We had a wind storm one day, this older lady comes in carrying a picture of a flag pole all bent over. She wants a refund on the broken pole, just from the picture. The flag pole was only 5 1/2 years old,,,it only had 3 flags on it and the wind blew it over. A flag pole should be guaranteed for life and she wanted another one. My store hasn't been here quite that long either.

A guy came in with a receipt for a hitch for a Blazer. He bought it 4 months ago. The Blazer quit running, too much to get it fixed so he sold it to a junk yard, he wanted his money back for the hitch,,,and oh, it's still on the Blazer.

And my favorite!

A lady bought a $30 Carhart shirt, she got ink on the front, and it wouldn't wash out!! She wanted her money back.

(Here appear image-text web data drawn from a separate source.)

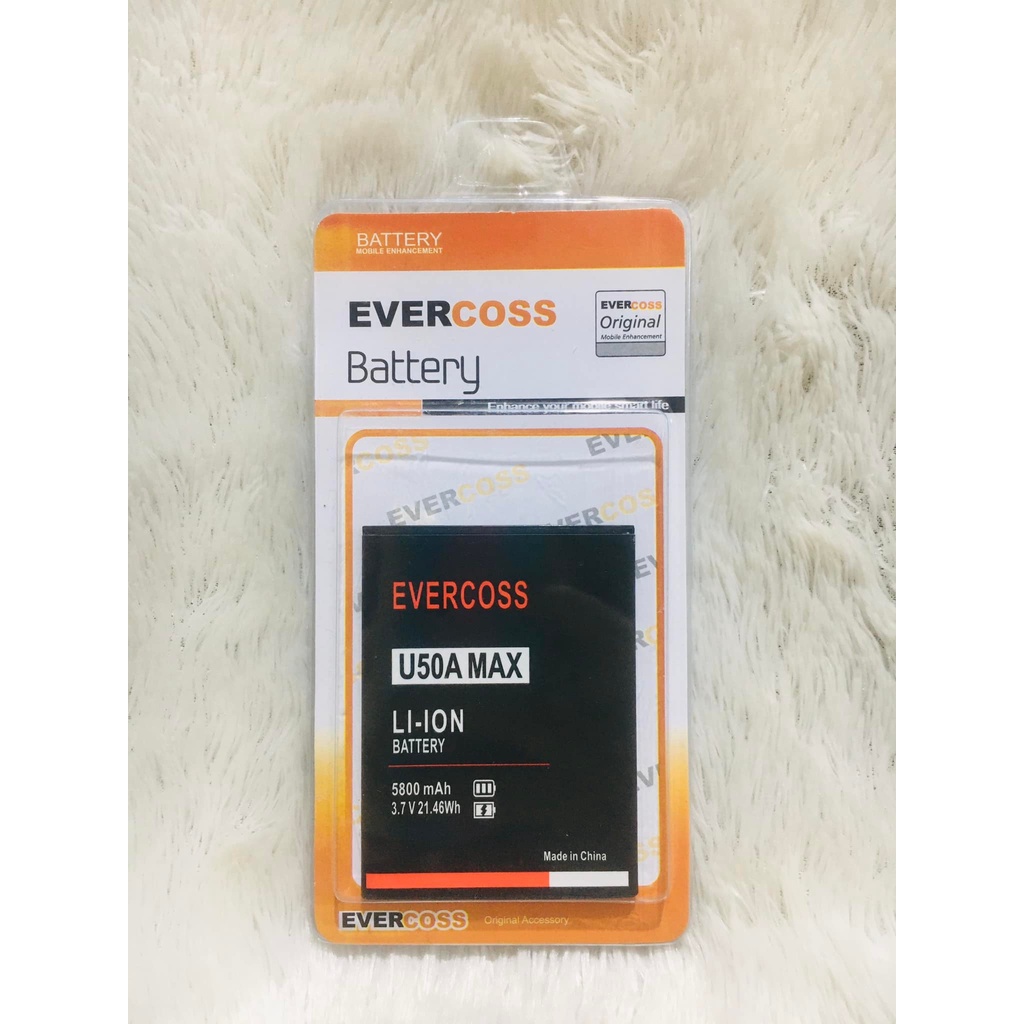 Baterai Evercoss U50A Max 5800mAh Double Power Evercoss Package Mika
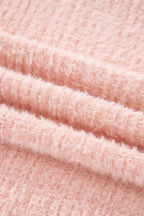 Ivy Fuzzy Ribbed Texture Long Sleeve Top
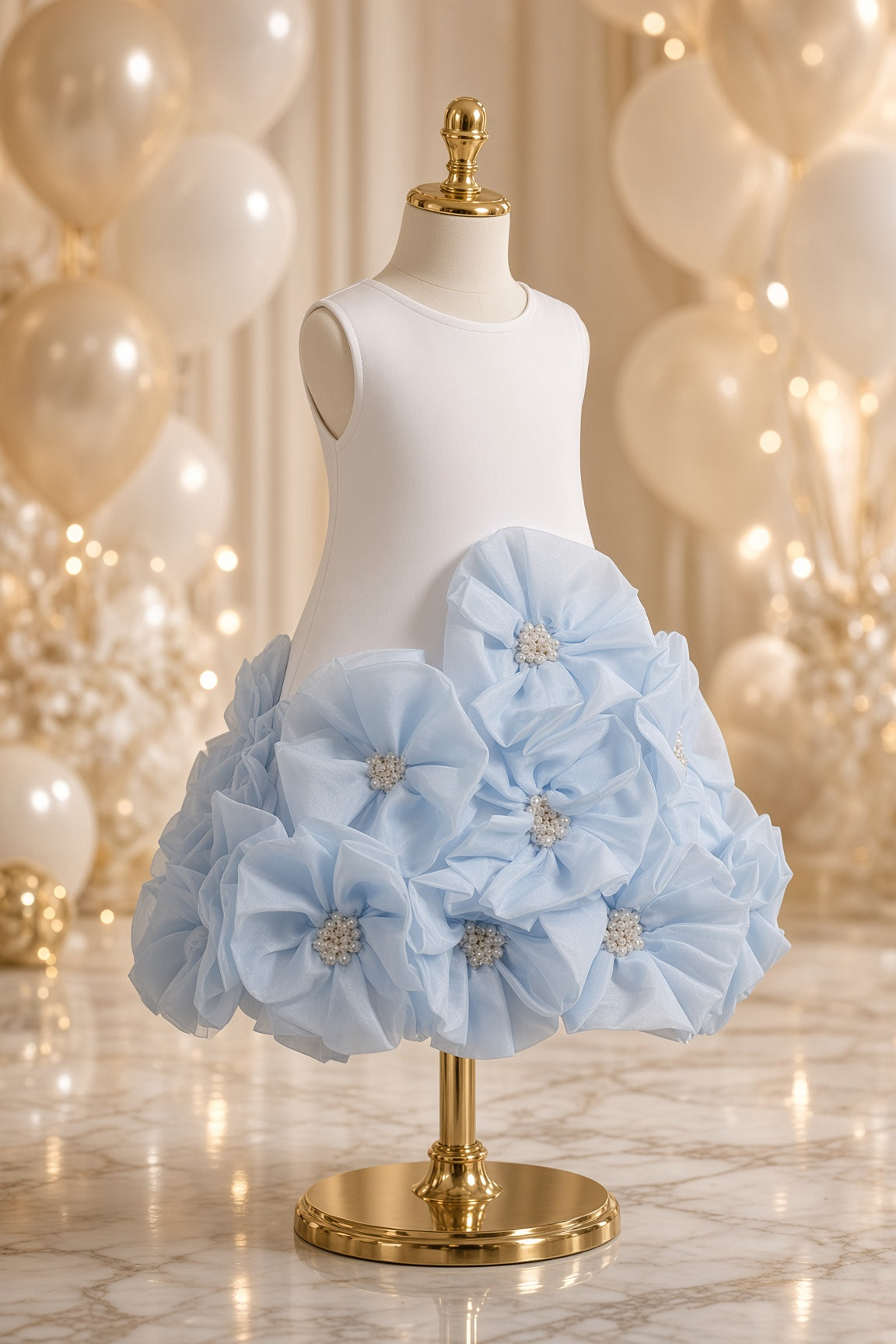 Sky Bloom Couture Dress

Sometimes I have to ask huh, several times because it seems so unreal, other times I get a little giggle out of it, and still other times I want to scream,,,you have got to be kidding me,,,but I don't.

Maybe if the economy improves it will get better, or the stories will.


----------



## luv2ridesaddleseat (Aug 19, 2009)

Just unreal! Tell the idiot with the ink, hairspray will get the ink out. I can't believe how stupid people really can be. I guess thats why I love and work with animals. Wow! You must have the patience of a Saint!


----------



## Frankie (Aug 19, 2009)

Oh man, forgot another good one.

A guy wanted to exchange a bag of dog food. No receipt and he can't bring it back in. It was really bad, probably poison, so he burried it to make sure no animal got a hold of it.

By the way, statements in this post were what the customer actually said.


----------



## Miniv (Aug 19, 2009)

OMG!



These stories need to be PUBLISHED! Can I share them???

Let me know and I will give YOU credit!


----------



## Frankie (Aug 19, 2009)

You can use them, but don't give me credit,,,some one may think it was me who said it.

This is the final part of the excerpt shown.